Testimoniare la perdita attraverso le immagini
Attuale come i tragici sviluppi della guerra nell’enclave del Nagorno Karabakh o Artsakh in lingua armena, universale come la sempiterna questione del poter almeno piangere i propri cari, dell’avere la certezza di quale sia stato il loro destino e ritrovare i resti di quelle vite spezzatesi drammaticamente, così da poter da loro una degna sepoltura. Queste sono le coordinate essenziali di 1489, documentario dal titolo enigmatico che con quel numero potrebbe far pensare a qualsiasi cosa, per esempio a una data, ma che fa riferimento invece a un asettico, freddo metodo di catalogazione dei resti umani rinvenuti sul campo di battaglia. Quasi più un atto di ricongiungimento famigliare post mortem che un semplice film, quello realizzato dall’artista (divenuta film-maker quasi per una necessità di carattere etico, ma con una formazione primaria da musicista) armena Shoghakat Vardanyan…

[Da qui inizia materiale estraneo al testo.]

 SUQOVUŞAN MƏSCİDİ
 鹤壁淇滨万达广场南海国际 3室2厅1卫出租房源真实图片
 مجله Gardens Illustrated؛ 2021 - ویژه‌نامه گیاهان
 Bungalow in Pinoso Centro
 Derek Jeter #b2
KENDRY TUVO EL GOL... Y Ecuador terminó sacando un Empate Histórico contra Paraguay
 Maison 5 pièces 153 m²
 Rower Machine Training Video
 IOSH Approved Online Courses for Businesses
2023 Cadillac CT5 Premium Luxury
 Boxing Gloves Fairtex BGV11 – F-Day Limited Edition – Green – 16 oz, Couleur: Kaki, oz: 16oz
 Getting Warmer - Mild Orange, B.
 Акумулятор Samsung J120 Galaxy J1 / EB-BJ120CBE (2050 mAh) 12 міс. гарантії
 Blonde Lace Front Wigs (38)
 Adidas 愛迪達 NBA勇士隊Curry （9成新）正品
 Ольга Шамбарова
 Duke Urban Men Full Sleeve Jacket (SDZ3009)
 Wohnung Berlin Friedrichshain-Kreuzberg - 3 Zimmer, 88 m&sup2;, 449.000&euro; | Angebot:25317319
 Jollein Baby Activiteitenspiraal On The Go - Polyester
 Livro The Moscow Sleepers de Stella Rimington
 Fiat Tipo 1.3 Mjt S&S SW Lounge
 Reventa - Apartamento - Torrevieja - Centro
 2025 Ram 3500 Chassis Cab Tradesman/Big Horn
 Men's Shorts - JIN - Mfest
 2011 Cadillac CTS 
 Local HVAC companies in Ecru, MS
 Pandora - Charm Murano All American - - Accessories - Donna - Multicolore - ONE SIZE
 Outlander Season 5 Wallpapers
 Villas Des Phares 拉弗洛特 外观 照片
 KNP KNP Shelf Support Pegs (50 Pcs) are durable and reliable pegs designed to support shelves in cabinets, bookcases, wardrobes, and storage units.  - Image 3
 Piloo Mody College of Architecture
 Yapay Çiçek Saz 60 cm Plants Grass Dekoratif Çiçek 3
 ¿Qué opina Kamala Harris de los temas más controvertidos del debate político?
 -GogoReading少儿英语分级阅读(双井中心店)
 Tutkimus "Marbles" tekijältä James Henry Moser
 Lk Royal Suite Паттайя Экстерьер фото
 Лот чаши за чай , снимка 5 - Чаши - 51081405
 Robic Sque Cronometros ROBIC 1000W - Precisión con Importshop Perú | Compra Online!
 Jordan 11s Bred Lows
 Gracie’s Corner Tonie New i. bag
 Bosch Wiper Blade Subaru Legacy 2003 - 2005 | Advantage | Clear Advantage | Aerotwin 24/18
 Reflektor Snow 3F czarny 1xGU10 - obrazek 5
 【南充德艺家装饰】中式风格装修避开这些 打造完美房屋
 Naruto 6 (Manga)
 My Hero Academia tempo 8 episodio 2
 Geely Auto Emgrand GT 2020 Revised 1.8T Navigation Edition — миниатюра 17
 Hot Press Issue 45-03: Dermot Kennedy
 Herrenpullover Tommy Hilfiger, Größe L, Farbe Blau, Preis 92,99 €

Il fatto che questo suo lavoro, portato avanti istintivamente e senza avere alle spalle un percorso cinematografico tradizionale, al 35° Trieste Film Festival sia stato preferito ad altri dotati di un impianto produttivo, tecnico e stilistico ben più solido, è indice a nostro avviso di un’acuta sensibilità umanistica da parte di chi lo ha voluto premiare. Difatti il Premio Alpe Adria Cinema offerto da Opificio Neirami e assegnato dalla giuria composta da Graziella Bildesheim, Dmitrij Gluščevskij, Vladan Petković è andato proprio al documentario 1489 di Shoghakat Vardanyan, con la seguente motivazione:
“Realizzato da un’artista che non ha avuto una formazione cinematografica ma che dimostra un innegabile talento grezzo e un istinto impeccabile, questo film è un pugno nello stomaco, crudo e senza fronzoli. Un resoconto incredibilmente coraggioso e intimo di una delle situazioni più difficili in cui una famiglia possa trovarsi, il film getta lo sguardo sulle ferite aperte della regista e dei suoi genitori. Le loro ferite non si rimargineranno mai del tutto, ma la loro rappresentazione riesce ad offrire speranza e catarsi alle migliaia di persone che subiscono simili tragedie in tutto il mondo.”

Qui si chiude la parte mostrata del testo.